Meteorological history
- Formed: 3 January 1970
- Dissipated: 19 January 1970

Category 3 severe tropical cyclone
- 10-minute sustained (BOM)
- Highest winds: 150 km/h (90 mph)
- Lowest pressure: 962 hPa (mbar); 28.41 inHg

Category 2-equivalent tropical cyclone
- 1-minute sustained (SSHWS/JTWC)
- Highest winds: 155 km/h (100 mph)

Overall effects
- Fatalities: 14
- Damage: A$12 million
- Areas affected: Queensland
- IBTrACS
- Part of the 1969–70 South Pacific and Australian region cyclone seasons

= Cyclone Ada =

1970 tropical cyclone

Severe Tropical Cyclone Ada was a small but intense tropical cyclone that severely impacted the Whitsunday Region of Queensland, Australia, in January 1970. It has been described as a defining event in the history of the Whitsunday Islands, and was the most damaging storm in the mainland town of Proserpine's history at the time. Forming over the far eastern Coral Sea in early January, the weather disturbance that would become Ada remained weak and disorganised for nearly two weeks as it slowly moved in a clockwise loop. Accelerating toward the southwest, the system was named Ada on 15 January. All observations of the fledgling cyclone were made remotely with weather satellite imagery until it passed over an automated weather station on 16 January. The extremely compact cyclone, with a gale radius of just 55 km, intensified into a Category 3 severe tropical cyclone just before striking the Whitsunday Islands at 14:00 UTC on 17 January. At 18:30 UTC, Ada's eye crossed the coast at Shute Harbour. The cyclone made little inland progress before stalling northwest of Mackay and dissipating on 19 January.
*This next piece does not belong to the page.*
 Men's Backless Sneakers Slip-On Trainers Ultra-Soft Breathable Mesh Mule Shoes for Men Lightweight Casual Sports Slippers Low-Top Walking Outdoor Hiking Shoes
Ada devastated several resort islands in the Whitsundays, in some cases destroying virtually all facilities and guest cabins. The biggest resort, located on Daydream Island, was obliterated, with similar destruction seen on South Molle, Hayman, and Long islands; since most boats docked on these islands were destroyed, hundreds of tourists in these resorts became stranded and required emergency rescue. Based on the severity of the damage, wind gusts were later estimated at 220 km/h . As Ada moved ashore, most homes were damaged or destroyed in communities near the storm's landfall point, including Cannonvale, Airlie Beach, and Shute Harbour. Extreme rainfall totals as high as 1250 mm caused massive river flooding in coastal waterways between Bowen and Mackay. The floodwaters washed out roads and left some locations isolated for days. Offshore, seven people were missing and presumed dead after their fishing trawler encountered the cyclone. Ada killed a total of 14 people, including 11 at sea, and caused A$12 million in damage. The cyclone revealed inadequacies in the warning broadcast system, and served as the impetus for enhanced cyclone awareness programs that have been credited with saving lives in subsequent cyclones. In January 2020, on the 50th anniversary of the disaster, a memorial to the storm victims was erected along the shoreline at Airlie Beach.

==Meteorological history==

Cyclone Ada was first noted by weather satellite imagery as a disorganised area of disturbed weather over the eastern Coral Sea on 5 January. In the early stages of its life, the system was far from ships and only peripherally detected by weather stations. More recent analyses have determined the tropical low originated on 3 January, just west of Vanuatu. For about ten days between 5 and 15 January, observations of the low remained scarce, but infrequent satellite imagery revealed that it slowly completed a cyclonic loop nearing the Solomon Islands before curving back toward the southwest while remaining weak. On 15 January, the Bureau of Meteorology's (BoM) Tropical Cyclone Warning Centre in Brisbane named the storm Ada and issued the first warning to shipping interests. Ada reached tropical cyclone status on the modern-day Australian cyclone scale the next day, while centered near . The cyclone continued tracking west-southwest toward Queensland, and at 14:00 UTC on 16 January, it passed over an automated weather station on Marion Reef, about 480 km east of Bowen. The site recorded sustained winds of up to 93 km/h.

With the first direct confirmation of the storm's growing strength, the BoM issued its initial public cyclone warning at 19:00 UTC. The cyclone's centre moved within range of the weather radar site in Mackay around 06:00 UTC on 17 January. Over the next several hours, radar revealed the system was moving slower and more erratically than expected, occasionally jogging to the east. Ada was an exceptionally compact cyclone, with a 55 km radius of gale-force winds, compared to the 150 km (100 mi) radius generally considered "small" for tropical cyclones. Between 11:00 and 17:00 UTC on 17 January, the cyclone's eye shrank from 28 km to just 18 km across, as measured by radar. As a result of its small size, the storm's onslaught was much more sudden than normal, with little rain and steady barometric pressures in the hours before landfall. At 12:00 UTC on 17 January, Ada reached its peak intensity, with 10-minute average maximum sustained winds of 150 km/h (90 mph). This made it a Category 3 severe tropical cyclone.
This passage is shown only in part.